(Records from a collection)

=== Section Start ===

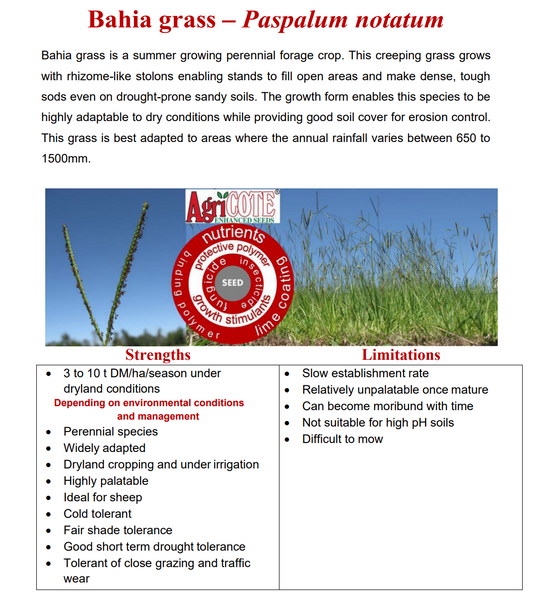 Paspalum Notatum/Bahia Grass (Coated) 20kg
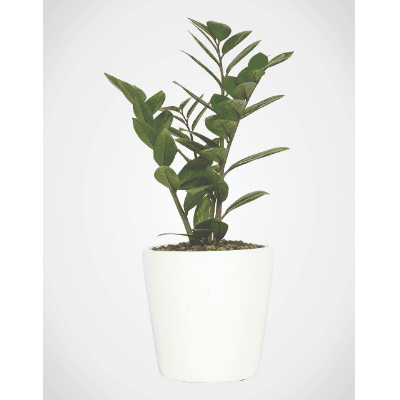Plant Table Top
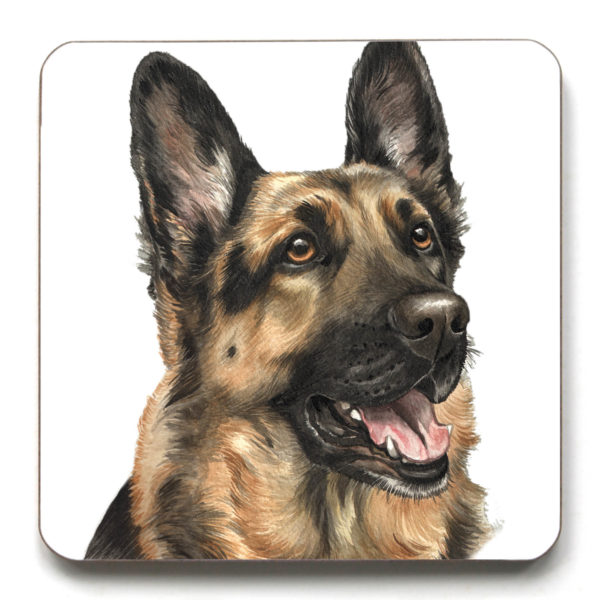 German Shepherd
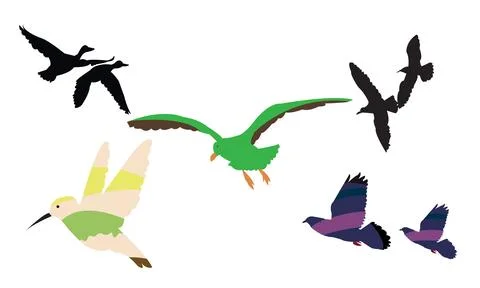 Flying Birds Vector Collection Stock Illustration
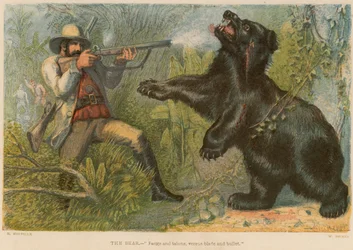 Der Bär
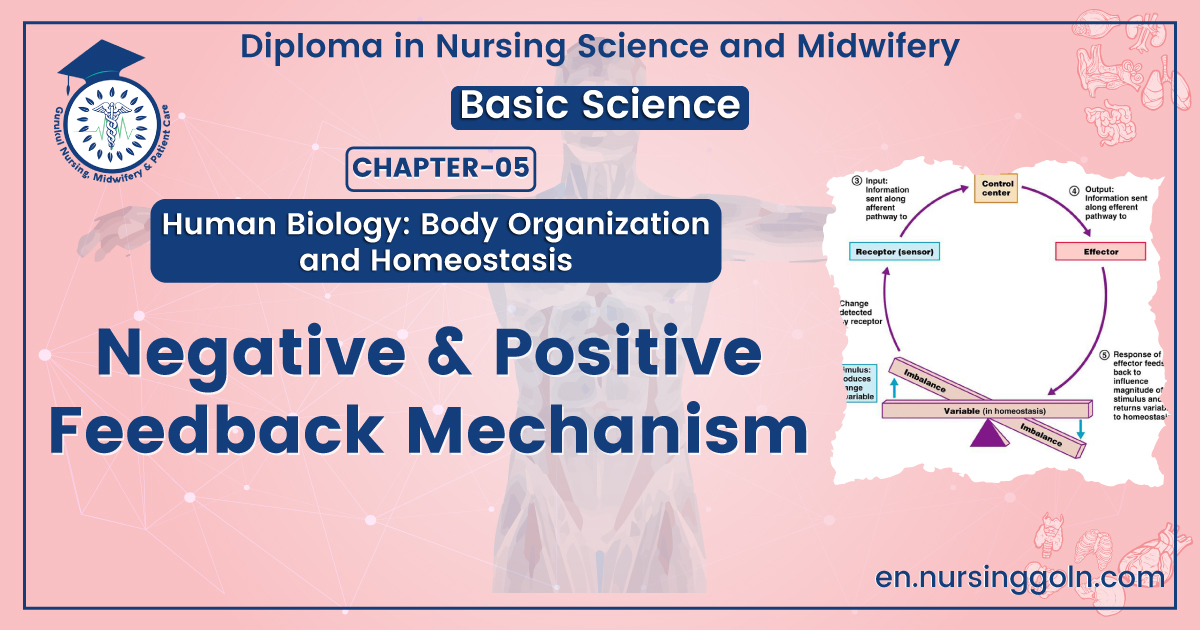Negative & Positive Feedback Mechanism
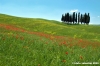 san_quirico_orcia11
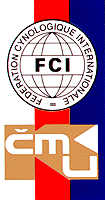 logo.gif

=== Section End ===

EXERCISE DESCRIPTION: When you return the records, keep every word unchanged and drop the pictures.

RESPONSE TO THIS EXERCISE:
 Paspalum Notatum/Bahia Grass (Coated) 20kg
Plant Table Top
 German Shepherd
 Flying Birds Vector Collection Stock Illustration
 Der Bär
Negative & Positive Feedback Mechanism
 san_quirico_orcia11
 logo.gif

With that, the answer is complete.